=== WORK TO COMPLETE ===
Repeat exactly the lines below that lie between the line with "কাপাসিয়ায় বিএনপি-জামায়াত সংঘর্ষে" and the line with "डडूका की 102", counting both of those lines as part of the answer.

=== GIVEN DATA ===
========================================

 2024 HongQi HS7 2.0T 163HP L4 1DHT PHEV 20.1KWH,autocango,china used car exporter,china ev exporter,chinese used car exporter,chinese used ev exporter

========================================

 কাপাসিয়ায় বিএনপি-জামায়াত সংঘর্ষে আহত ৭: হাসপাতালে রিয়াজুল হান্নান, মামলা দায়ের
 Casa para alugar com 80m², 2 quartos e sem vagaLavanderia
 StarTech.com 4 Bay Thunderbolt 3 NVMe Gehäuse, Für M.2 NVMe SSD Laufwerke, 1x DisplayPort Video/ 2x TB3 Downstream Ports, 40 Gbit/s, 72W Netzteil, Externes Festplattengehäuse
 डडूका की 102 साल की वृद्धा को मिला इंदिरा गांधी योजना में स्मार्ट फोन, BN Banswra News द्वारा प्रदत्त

========================================

=== EXERCISE RESULT ===
 কাপাসিয়ায় বিএনপি-জামায়াত সংঘর্ষে আহত ৭: হাসপাতালে রিয়াজুল হান্নান, মামলা দায়ের
 Casa para alugar com 80m², 2 quartos e sem vagaLavanderia
 StarTech.com 4 Bay Thunderbolt 3 NVMe Gehäuse, Für M.2 NVMe SSD Laufwerke, 1x DisplayPort Video/ 2x TB3 Downstream Ports, 40 Gbit/s, 72W Netzteil, Externes Festplattengehäuse
 डडूका की 102 साल की वृद्धा को मिला इंदिरा गांधी योजना में स्मार्ट फोन, BN Banswra News द्वारा प्रदत्त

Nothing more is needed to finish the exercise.